◆ Task directions ◆
Scan the records for "Photo". Report each line that includes it.
Information given START
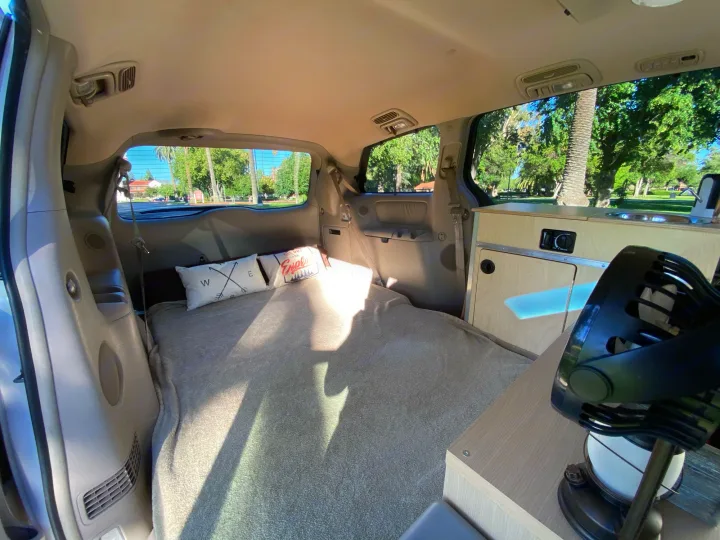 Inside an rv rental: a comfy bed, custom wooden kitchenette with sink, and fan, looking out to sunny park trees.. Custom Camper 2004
Information given END
Information given START
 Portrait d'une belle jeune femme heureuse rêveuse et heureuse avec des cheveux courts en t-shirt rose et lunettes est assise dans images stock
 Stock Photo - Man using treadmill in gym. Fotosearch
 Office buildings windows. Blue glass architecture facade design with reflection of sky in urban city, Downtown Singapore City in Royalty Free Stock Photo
Information given END
◆ Solution to this task ◆
 Stock Photo - Man using treadmill in gym. Fotosearch
 Office buildings windows. Blue glass architecture facade design with reflection of sky in urban city, Downtown Singapore City in Royalty Free Stock Photo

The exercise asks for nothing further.